Now we have the materials to make some people (justifiably) discomfited about a substantive CR claim (or at least motivated to write a critical paper). For if you look at most of the contributions of CR to various issues they resolve themselves to  just the steps that I outlined above. So the CR “theory” of social structure, is precisely what you think. Social structure is composed of individuals, organized by a set of relations that form a coherent (configured) whole. This whole (social structure) is now a real entity endowed with its own causal powers, which now (may) exert “downward causation” on the individual’s the constitute it. These causal powers are not reducible to those of the individuals that constitute it. This how CR cashes in what John Levi Martin has referred to as the “substantive hunch” that animates all sociological research. “The social” emerges from the powers and activities of individuals but it never ultimately resolves itself into an aggregation of those powers and activities. Note that CR is opposed to any form of ontological reduction whether it is “downwards” or “upwards.” Thus attempts to reduce social structure to the mental or interactional level are “downward conflationist” and attempts to reduce individuals to social structure (or language or what have you), are “upward conflationist.” Thus, the “first” Archer trilogy can be read in this way. First, on the non-reducibility (and ontological independence between) social structure in relation to the individual or individual activity, then “culture” in relation to the individual or individual interaction, and later (in reverse) personal agency in relation to either social structure or culture.

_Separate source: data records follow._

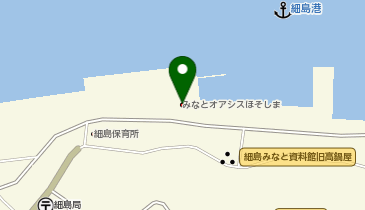 みなとオアシスほそしまの地図画像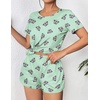 image:imageEkouaer Womens Pajama Sets Short Sleeve Pjs 2 Piece Top and Shorts Sleepwear Comfy Soft Lounge Sets with PocketsButterfly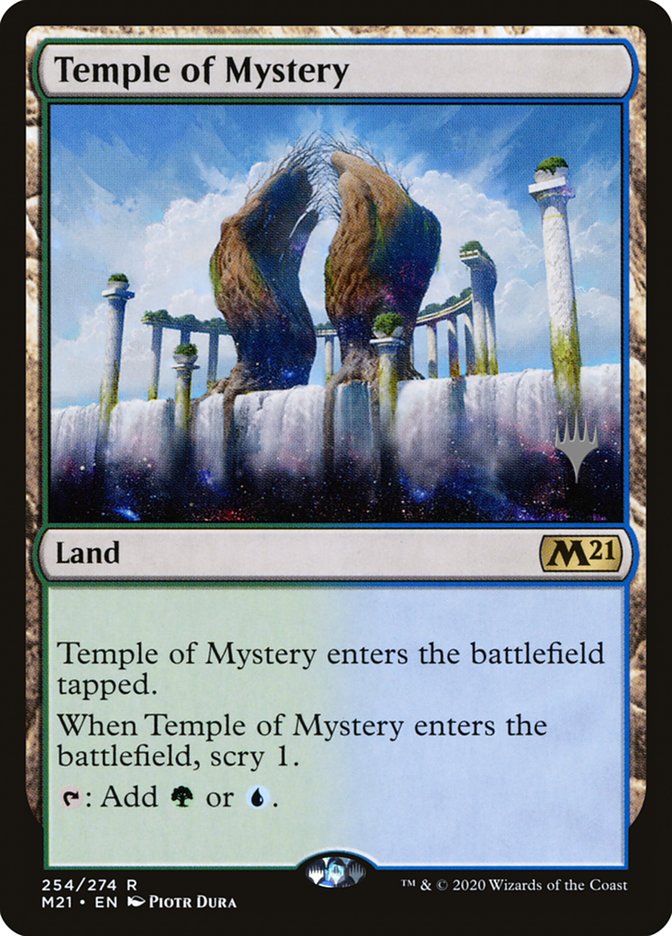 Temple of Mystery (Promo Pack) [Core Set 2021 Promos] | Card Merchant Takapuna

Essentially, the stratified ontology postulate must be respected. Any attempt to simplify the ontological picture is rejected as so much covert (or overt) reductionism or “conflation.” Note that “conflation” is not technically a formal error of reasoning (as is begging the question) but simply an attempt by a theorist to simplify the ontological picture by abandoning the ontological democracy or ontological emergence postulates. A lot of the times CR theorists (like Archer) reject conflation as if it was such an error in reasoning, when in fact it is a substantive argument that cannot be dismissed in such an easy way. Note that this is weird because both the ontological democracy and the ontological emergence argument are themselves non-demonstrable but substantively important propositions in CR. Thus, most CR attempts to dismiss either reductionist or simplifying ontologies themselves do commit such a formal error of reasoning, namely, begging the question in favor of ontological emergence and ontological democracy.

Another way to make a CR argument is to start with a predetermined high level entity of choice. This kind of CR argument is more “defensive” than constructive. Here the analyst picks an entity the real status of which has (for some reason) become controversial, either because some theorists purport to show that it does not “really” exist (meaning that it is just a shorthand way to talk about some aggregate of actually existing lower level entities), or is not required to generate scientific accounts of some slice of the world (ontological simplification or reduction a la caloric or phlogiston). Here CR arguments essentially use the ontological democracy postulate to simply say that the preferred whole has ontological independence from either the lower constituents or higher level entities to which others seek to reduce the focal entity. Moreover, the CR theorist may argue that this ontological independence is demonstrated by the fact that this entity has (actualized and/or empirically observable) causal powers, once again above and beyond those provided by the lower level (or higher level ) entities or processes usually trotted out to “reduce it away.” This applies in particular to the “humanist” strand of CR that attempts to defend specific causal powers that are seen as inherent properties of persons (e.g. reflexivity in Archer’s case) or even the very notion of person (in Chris Smith’s What is a Person?) as an emergent whole endowed with specific causal powers, properties and propensities.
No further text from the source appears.